True Love Never Ends

True Love Never Ends
Part 62



Setelah mendapatkan telpon dari Azhar, Harry langsung meluncur menghampiri mereka di pusat perbelanjaan.


Dan sesampainya di sana, ia melihat kakak dan teman sekolah nya itu yg masih bersitegang.


"Har..." teriak Mera heboh saat melihat Harry datang naik taksi "Pacar kamu tuh bukan perempuan baik baik, Har. Dia mengkhianati kamu, dia menikah sama Dosen nya Kak Hanin. Kamu harus kasih dia pelajaran tahu engga..." Mera merundung Harry dengan berbagai kata dalam satu tarikan nafas, terlihat sekali gadis itu sangat geram terhadap Nasha. Sementara Nasha malah berseringai, ia menghampiri Harry, menggandeng tangan Harry dan bahkan mengecup pipi Harry.

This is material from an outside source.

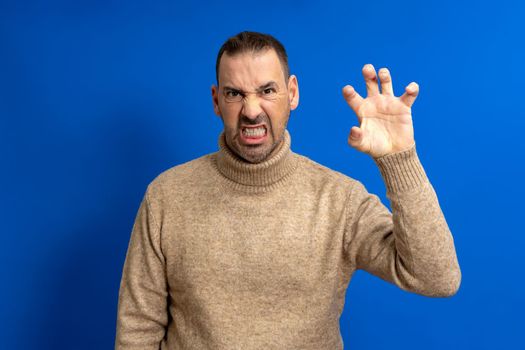 Bearded middle age man wearing turtleneck making claw gesture with obvious angry, aggressive and pensive expression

Membuat Mera dan Hanin melotot terkejut begitu juga dengan Azhar, karena meskipun mereka saudara tapi mereka tetap tidak ada hubungan darah apapun, mereka bukan mahram yg seharusnya tidak boleh bersentuhan seperti itu. Sementara Harry malah tertawa geli dengan tingkah kakak nya itu, Harry sendiri bingung kenapa Nasha sangat tidak menyukai Mera yg sebenarnya Harry taksir sejak dulu.


"Liat tuh, Pak Dosen!" teriak Mera "Cewek apaan kayak itu? Mending buang aja ke laut"


"Mer..." tegur Hanin.


"Kamu tuh yg buang aja ke kutub Utara sana, sewot banget jadi cewek. Kalem dikit dong" ujar Nasha yg membuat Azhar dan Harry tertawa.


"Memang apa bedanya kamu sama Mera? Wong sama sama sewot" ucap Azhar yg langsung membuat Nasha memberengut, Azhar pun langsung menarik Nasha dan merangkul pinggang nya.


"Sebenarnya Kak Nasha ini kakak ku, Mer. Bukan pacar ku" ucap Harry yg membuat Mera langsung menganga lebar.


"Maksud nya?" tanya Mera masih tak mengerti.


"Maksud nya, aku memang kakak nya Harry. Bukan pacar nya" seru Nasha sambil mencebikan bibir nya.


"Terus kenapa selama ini kalian seperti orang pacaran?" tanya Mera lagi.


"Karena..."


"Karena aku engga suka kamu deketin adik ku" sela Nasha yg tak membiarkan Harry bicara. Sementara Mera kembali mendengus, walaupun tahu Nasha bukan pacar Harry melainkan kakak nya, entah kenapa tak ada perasaan yang membuat Mera harus menghormati Nasha. Ia masih memperlihatkan kejengkelan nya.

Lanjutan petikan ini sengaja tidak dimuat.